I think the casting really set the tone. I’m finding a lot of actors my age now who are a bit more like me, and not as posh or brought up in a certain way. There’s now people of all sorts of kinds of backgrounds.
Were you wary of taking part in a show that deals with things like drugs, underage drinking and unprotected sex? Was your mother?
It’s quite strange, but I never did at all and neither did my mother. She knew how passionate I was to have this role and how lucky I was to have the opportunity to do it. She just supported me by telling me I could stop doing it any time I wanted to.
I just loved pushing boundaries. We’re evolving as people and our mindsets are changing. I felt there needed to be a show for teenagers that didn’t make them feel judged. “Skins” never tried to preach. It allowed young people to make their own decisions about what to do and whether it was right or wrong. Young people really respond to that, and that’s what sets “Skins” apart.
You lucked out by scoring your first film gig on “Moon.”
I know, I was lucky with that one!
It was crazy, I was only 14 at the time. I remember I didn’t want to go to the audition, because I had never done an American accent. I thought they were going to laugh at me. My agent really pushed me and said, “Have a go, it’s only a small part.” I went and Duncan Jones was unbelievably sweet.
I kind of wish I could experience it again so I could appreciate it more, because I was so young. I didn’t know what was going on, I was just there inside this spaceship. It was such a brilliant film, and Duncan had so much passion. It felt like we were creating a baby.
Was Andrea Arnold on your radar before coming onto “Wuthering Heights”?
I was aware of “Fish Tank.” I hadn’t seen it before I met her, however. I was quite worried about doing a period drama. I think they’ve been done again and again the same way.
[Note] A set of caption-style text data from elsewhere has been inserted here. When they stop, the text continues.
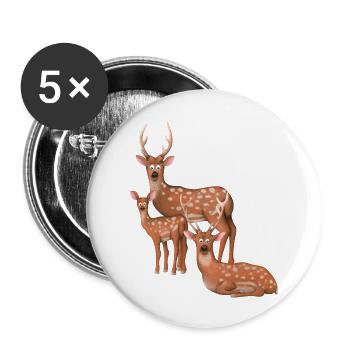 Axis deer family - Buttons large 2.2''/56 mm (5-pack) - white - Front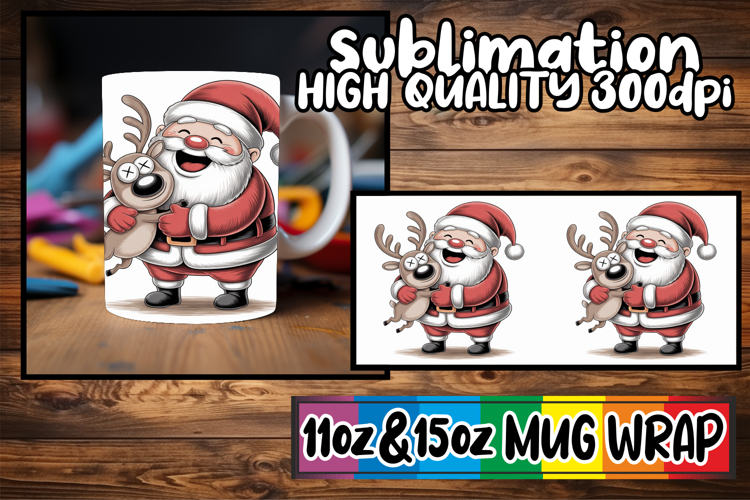Timeless moments 11oz 15oz sublimation wrap, Funny Santa
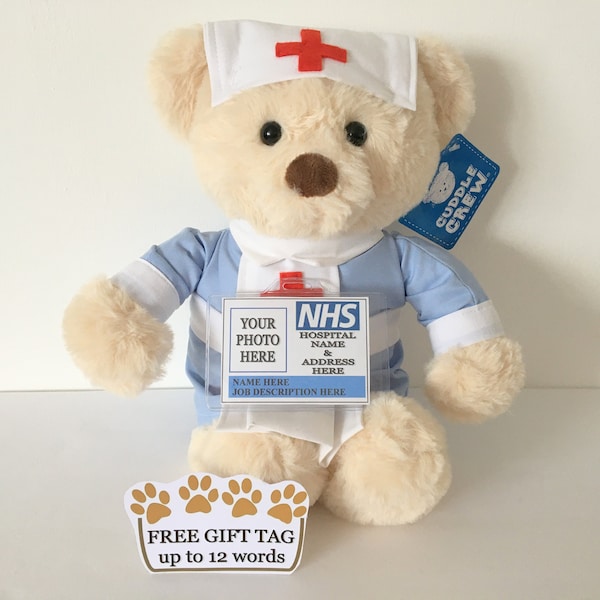 Nurse teddy bear, personalised nhs photo badge, nurse uniform, hat , unique special gift beautifully packaged, free gift tag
When they said Andrea Arnold was attached to it, I thought it would be interesting. I knew she would shock people and bring a new light to it.
How did you get on her radar?
I’m not sure. I just got sent the audition through my agent. I went to have a chat with her and we just had a very honest conversation. We got on very well. She sees things in people and that’s how she casts her films. I’m very grateful for that.
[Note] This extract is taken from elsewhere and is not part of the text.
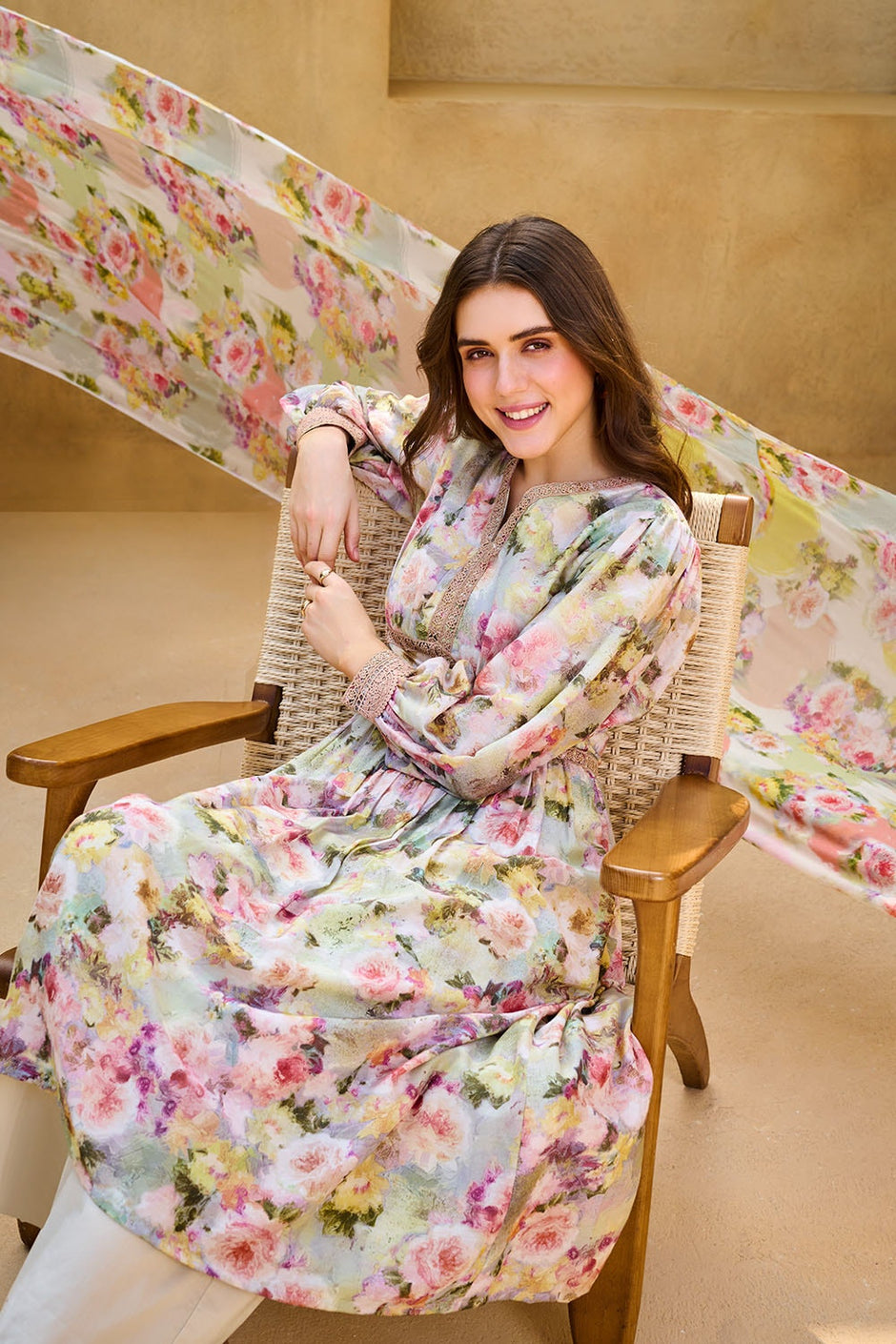3 Piece Unstitched Printed Pure Bamboo Silk Suit with Printed Chiffon Dupatta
You have a lot of experience compared to the majority of the cast in her film. What was it like to work opposite a cast of relative unknowns who had little to no experience?
I never felt as though I was the experienced one. I’m lucky to have fallen into this trade and I’m still fighting to stay in it. So I didn’t want to preach to them or try and tell them what to do, because I know it’s possible to find your own way, and they all did. Every day they’d come on set and they’d be asking new and more questions. They slowly fell in love with it, like I did on “Skins.”
But obviously it was nice to be able to give a helping hand and explain how things work. But in all honesty they were fucking fine on their own, especially the kids. They were amazing.
Like everything Andrea does, it’s clearly a work of passion. What was it like being on set with her?
I think you used a really good word there. I think the word “passion” is a key word for Andrea. She doesn’t do anything unless she’s willing to give her self fully to the project. She’s a deeply emotional person and she completely throws herself into to her work. It isn’t about money and it isn’t about awards. It’s about taking something that’s true to her heart and really giving herself to it. That’s what attracted me to her and to the project.
She turns that completely on its head. She threw out every rule there is of making a period drama and she made it her way. She pushed the boundaries. I think that’s really inspiring for young filmmakers. You can do it your own way.